There is a lot more diversity in books these days and that’s great. You can read a book about a bisexual character, you can read about mental illness, about what it’s like to be a person of colour and so on. Still though there need to be more diverse books. It’s incredibly important that stories with diverse characters are emphasized. For both children, young adults and adults to read literature and see themselves reflected in what there reading. I myself want to read more diversely. And so I’am participating in the meme created by bookshelves and paperbacks. This is a weekly meme that will feature three books.
1. A diverse book you have read and enjoyed;
2. A diverse book that has already been released but you have not read;
3. A diverse book that has not yet been released.
Every heart a doorway
Eleanor West’s Home for Wayward Children
Children have always disappeared under the right conditions; slipping through the shadows under a bed or at the back of a wardrobe, tumbling down rabbit holes and into old wells, and emerging somewhere… else.
But magical lands have little need for used-up miracle children.
Nancy tumbled once, but now she’s back. The things she’s experienced… they change a person. The children under Miss West’s care understand all too well. And each of them is seeking a way back to their own fantasy world.
But Nancy’s arrival marks a change at the Home. There’s a darkness just around each corner, and when tragedy strikes, it’s up to Nancy and her new-found schoolmates to get to the heart of the matter.
No matter the cost.
I adore this book. It’s fantastic. There is a great cast of characters. Each and every one of them is fleshed out well. There’s a terrific plot. The writing is beautiful. Do I need to say more? You might ask yourself why is this diverse though? Because, for example, the main character is asexual. Also, it has a side character that is transsexual. I’ve already mentioned a couple of reasons why I love this book, there are still two things I haven’t discussed yet. I love the fact that the identity of the main character is confirmed on the page and actually discussed. As well as the identity of the side character. Also the discussing of these particular characters happens in such a fascinating and beautiful way.
More happy than not
In the months after his father’s suicide, it’s been tough for 16-year-old Aaron Soto to find happiness again–but he’s still gunning for it.
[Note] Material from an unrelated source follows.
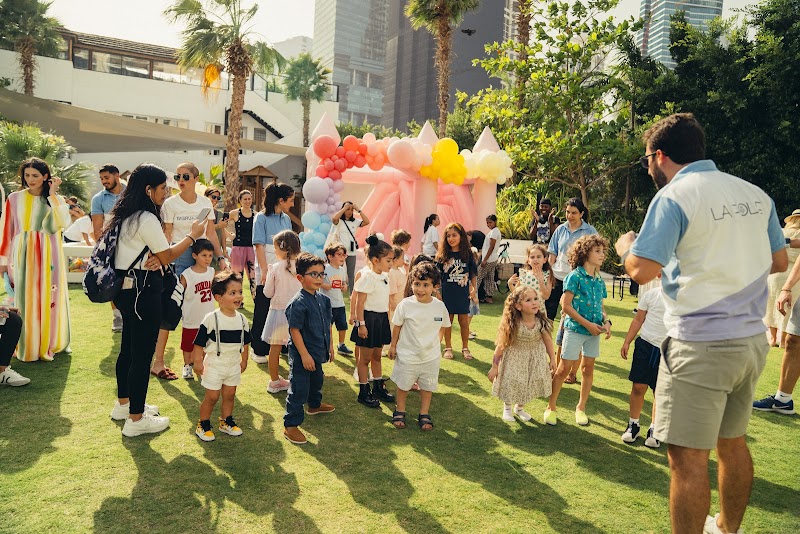 لا فولي الإمارات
With the support of his girlfriend Genevieve and his overworked mom, he’s slowly remembering what that might feel like. But grief and the smile-shaped scar on his wrist prevent him from forgetting completely.
When Genevieve leaves for a couple of weeks, Aaron spends all his time hanging out with this new guy, Thomas. Aaron’s crew notices, and they’re not exactly thrilled. But Aaron can’t deny the happiness Thomas brings or how Thomas makes him feel safe from himself, despite the tensions their friendship is stirring with his girlfriend and friends. Since Aaron can’t stay away from Thomas or turn off his newfound feelings for him, he considers turning to the Leteo Institute’s revolutionary memory-alteration procedure to straighten himself out, even if it means forgetting who he truly is.
Why does happiness have to be so hard?
This book is described as twisty, gritty and profoundly moving. Those are the exact words I would use when describing this book, just by reading the synopsis. You just know by reading it that it’s going to be heart hitting. I, myself, can’t wait to read this book. It’s going on my tbr for the month of April.
When Dimple met Rishi
Dimple Shah has it all figured out. With graduation behind her, she’s more than ready for a break from her family, from Mamma’s inexplicable obsession with her finding the “Ideal Indian Husband.” Ugh. Dimple knows they must respect her principles on some level, though. If they truly believed she needed a husband right now, they wouldn’t have paid for her to attend a summer program for aspiring web developers…right?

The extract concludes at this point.